Data below
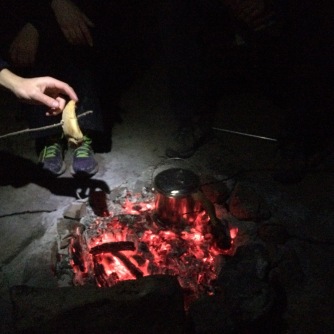 Campfire has reduced to coals - someone is pitting bread on a stick to toast while the billy boils
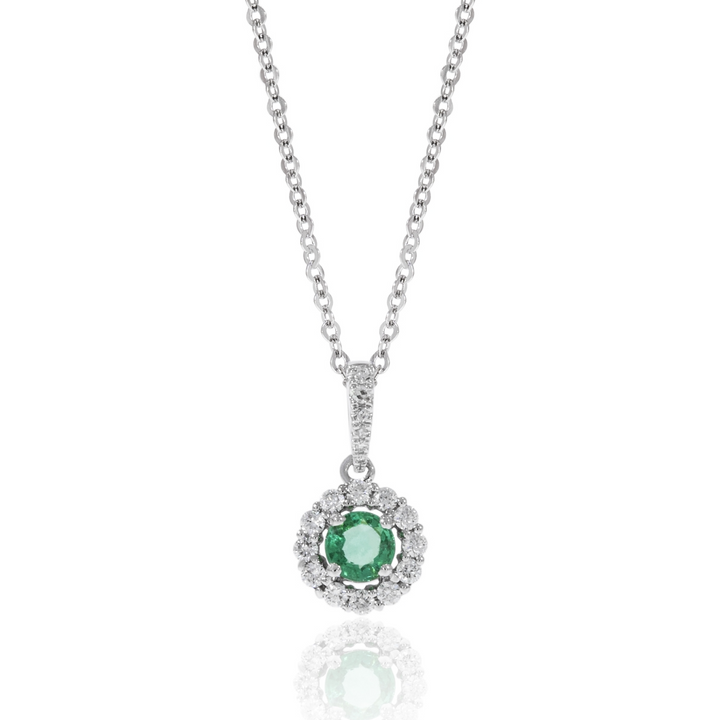 A close-up of a white-gold Halo Necklace against a white background. The necklace features an emerald round-cut center stone surrounded by round diamonds. 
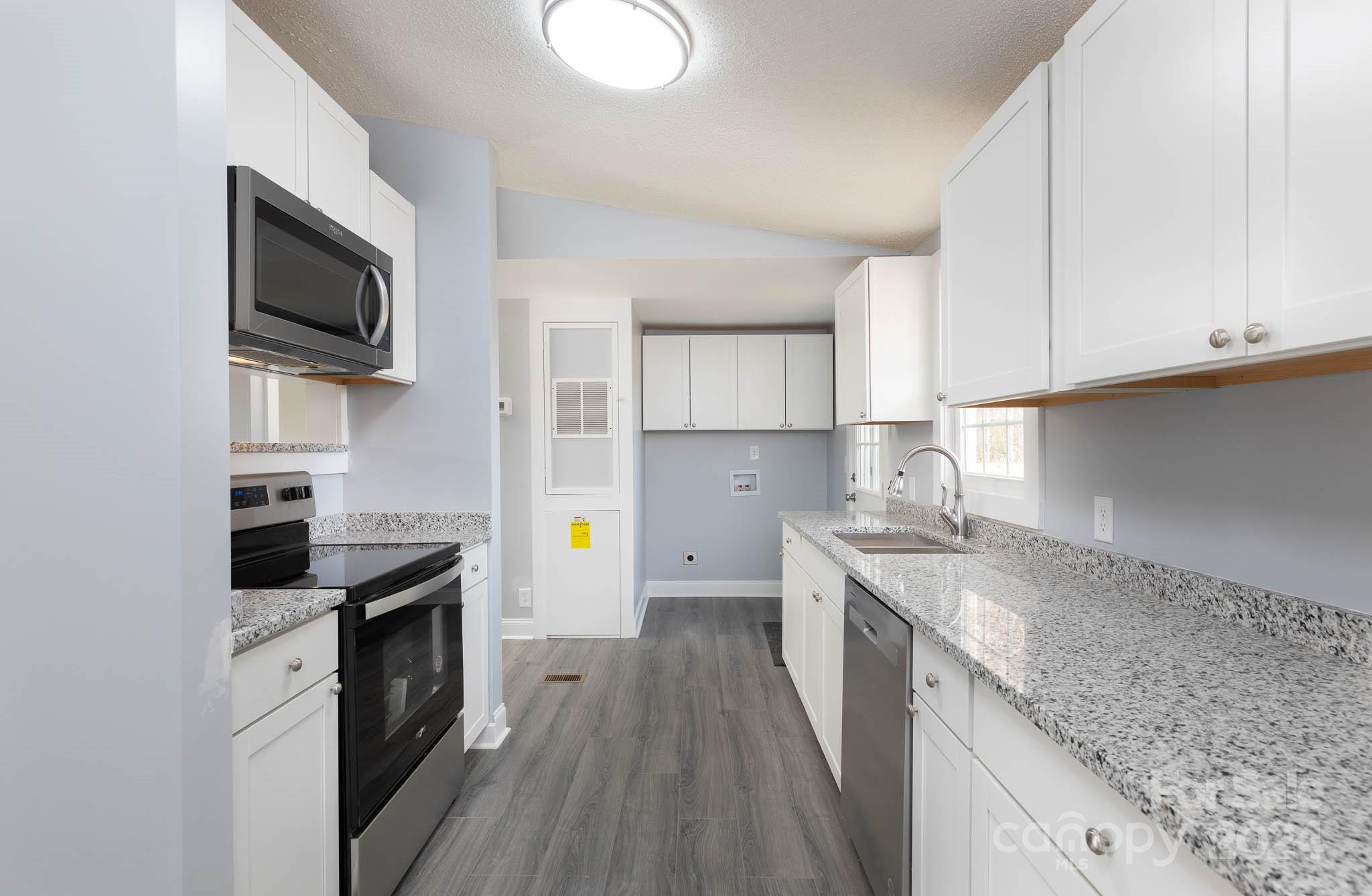 154 Brown Neal Road York, SC 29745 - Photo 7 of 24 a kitchen with a sink stove top oven and cabinets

What to do
Do not include the pictures. Quote only the lines from the line with "A close-up of" through the end of the material, both ends included, exactly.

Answer section
 A close-up of a white-gold Halo Necklace against a white background. The necklace features an emerald round-cut center stone surrounded by round diamonds. 
 154 Brown Neal Road York, SC 29745 - Photo 7 of 24 a kitchen with a sink stove top oven and cabinets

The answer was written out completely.